In fact the nearly universal nature of hot culture design history suggests that balconies were a common feature of urban buildings in the fertile crescent, in Egypt, in India and in China. Enclosed spaces that projected out from building walls over the street allowed for the collection of vital air movement. As example, the wooden balconies on this Cairo street, image via Wikimedia Commons.
Balconies on Modern Buildings
We hate to generalize, but the Modern Greats were generally terrible at balconies. The buildings popularized by the school of International Modernism are far to focused on their materials base theory to bow to such human-comfort considerations as refuge and outlook. Check out the “balconies” on the Weissenhof Colony walk-up apartments designed by Mies van der Rohe in 1927. Photo via Wikimedia Commons.
Despite the good intentions of the building – to create affordable and hygienic living spaces for working families its approach to indoor outdoor space is vestigial at best. And after a few years (see Mies’ Chicago work) they started enclosing their buildings in glass and stopped allowing for balconies – or any operable access to the outside – at all.
That’s not to say wonderful, sheltering balconies, integrated into the whole building design can’t, or haven’t, been done even, or perhaps especially, in groundbreaking buildings. One of my favorite examples integrated balconies are the playful grotto like outdoor spaces on Gaudi’s 1910 Casa Mila (affectionately known as “the quarry” or La Pederera. The shots below are my own.
Juliet Balconies: the Common Compromise
Its all too common to simply slap a metal balcony sized to hold a medium scale George Foreman on to the side of a building and then replicate it all the way up and down, and side to side until it has lost all meaning other than to include with the realtor’s check list of unit amenities at the time of sale. But the “amenity balcony” can actually become still more vestigial in the form of the Juliet Balcony – a railing around a door to nowhere. These can be aesthetically appealing, and even house a few potted plants, but are no use to the humans who live behind all those french doors.
To conclude, we can answer the question posed by the images at the top of the post. Why is the Marina City style of balcony pretty great and the similar half round, slapped onto 2020 Lincoln Park West, not?

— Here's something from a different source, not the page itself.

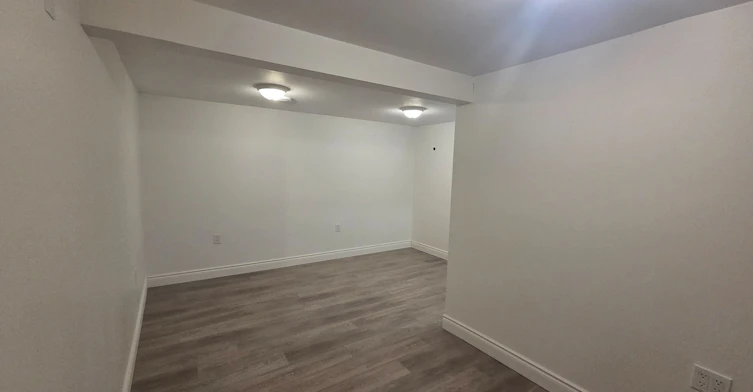 LOWER-881 Lawrence Road, Hamilton, ON, L8K 2A4 - 17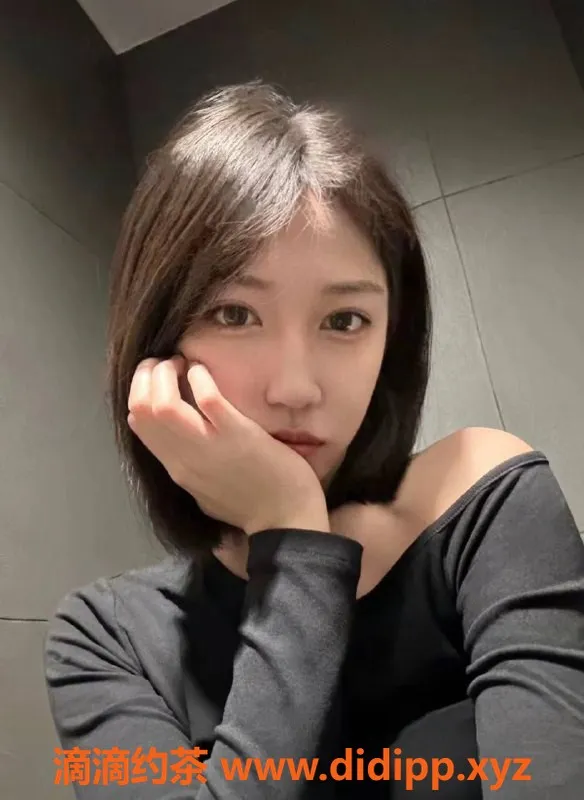 常州楼凤-常州钟楼区甜宝，20岁，165cm，C罩杯，800元起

In one building, the balconies are integral (literally) to the form and structure, in the other they are tacked on to the outside of a building that doesn’t really need them. At Marina City, each balcony is shaded and sheltered by the arching support for the one above it, and shielded from the view of its neighbors on each side by the curvature of the building and, at 2020, the prow-of-the-ship form of each balcony accentuates its view but, provides no feeling of enclosure or protection. Nor does it offer any privacy from neighbors on near by balconies.
In the end, the pictures speak for themselves. Where would you rather be?